MISO is currently evaluating five new recommendations from its Independent Market Monitor that include transmission reconfiguration plans, reducing out-of-market commitments, a future-looking dispatch model and ensuring the RTO only pays for real load reductions.
Monitor David Patton, Potomac Economics’ president, issued five new recommendations last month as part of his 2021 State of the Market report.
The Monitor says MISO should:
- work with its transmission owners to identify and implement economic transmission reconfiguration plans to better manage congestion;
- evaluate and restructure its unit commitment process to reduce out-of-market commitments and ensuing make-whole payments;
- develop a multi-hour, look-ahead dispatch and commitment model to better manage fluctuations in net load and decisions on using storage resources;
- improve rules around demand participation in energy markets so that MISO only pays for load reductions that occur; and
- consider classifying load-modifying resource (LMR) curtailments as short-term demand in pricing models and the unit dispatch system.
The last recommendation comes after Patton noticed that LMRs are allowed to set real-time energy prices long after emergency conditions have passed. He said that’s because of MISO’s extended marginal locational pricing (ELMP) model respecting resources’ ramp rates, which makes it impossible to replace a large volume of LMRs within a single dispatch interval. He said if the RTO would treat LMRs as an operating reserve demand in the ELMP model, it would eliminate the need for other resources to ramp up and replace them.
Patton said he also believes an hours-ahead dispatch model will be a “key component of the MISO markets’ ability to economically and reliably manage the transition of its generating portfolio.”
MISO’s out-of-market commitments and the associated revenue sufficiency guarantee costs increased “substantially” in 2021, Patton said in calling for staff to examine their commitment process.
“Our analysis indicated that most of these commitments were not ultimately needed to satisfy MISO’s energy, operating reserves and other reliability needs,” he said.
Finally, Patton said MISO should get a better handle on its demand response resources.

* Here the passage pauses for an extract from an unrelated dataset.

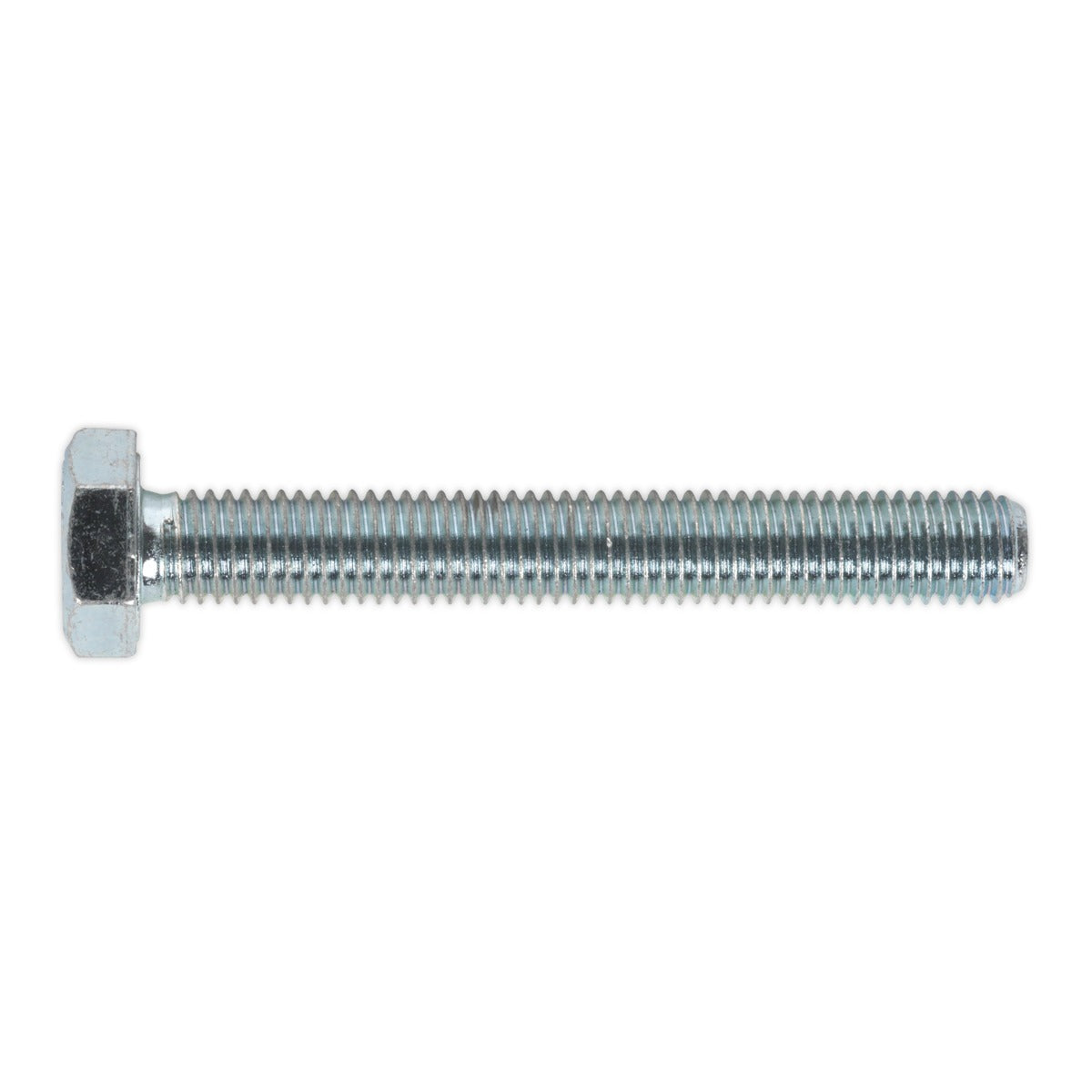 Sealey 8.8 Zinc Plated HT Setscrew M10 x 75mm, DIN 933 - Pack of 25 SS1075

“In the past few years, we have identified a number of cases where demand response resources or energy efficiency resources were paid substantial amounts for load reductions that were not realized,” he said in the report.
While he said some of the problem is because of “conduct of the resources,” he also said some of the issue can be ascribed to “suboptimal tariff and settlement rules.” MISO could use better settlement calculations “to ensure that the estimated load reductions truly represent the additional load that would have existed but for the demand response resource,” Patton said.
MISO is set to review with stakeholders the report’s recommendations and its initial response during an Oct. 13 Market Subcommittee meeting. MISO spokesperson Brandon Morris said the grid operator’s executive leadership will deliver a formal response to the recommendations during the Board of Directors’ Markets Committee meeting in early December.
Under its tariff, the RTO has 120 days to make a public response to the annual report’s recommendations.
In the meantime, MISO and its transmission owners continue closed door meetings of the new Reconfiguration for Congestion Cost Task Team (RCCTT) that was formed at the beginning of the year. The group focuses on plans to reroute transmission flows during times of heavy congestion costs and could address Patton’s first recommendation. (See “RTO Forms Task Team for Tx Reconfigurations,” MISO Planning Subcommittee Briefs: Feb. 8, 2022.)
The nonpublic RCCTT maintains a monthly list of the footprint’s top congested constraints.
Some stakeholders have said MISO is about a decade away from significant new transmission that can manage increasing congestion. Reconfiguration plans are desperately needed in the interim.
Patton delivered a state-of-the-market presentation last month where he focused on his longstanding recommendation that MISO adopt a sloped demand curve in its capacity auction. (See MISO Warming to Patton’s Sloped Demand Curve.)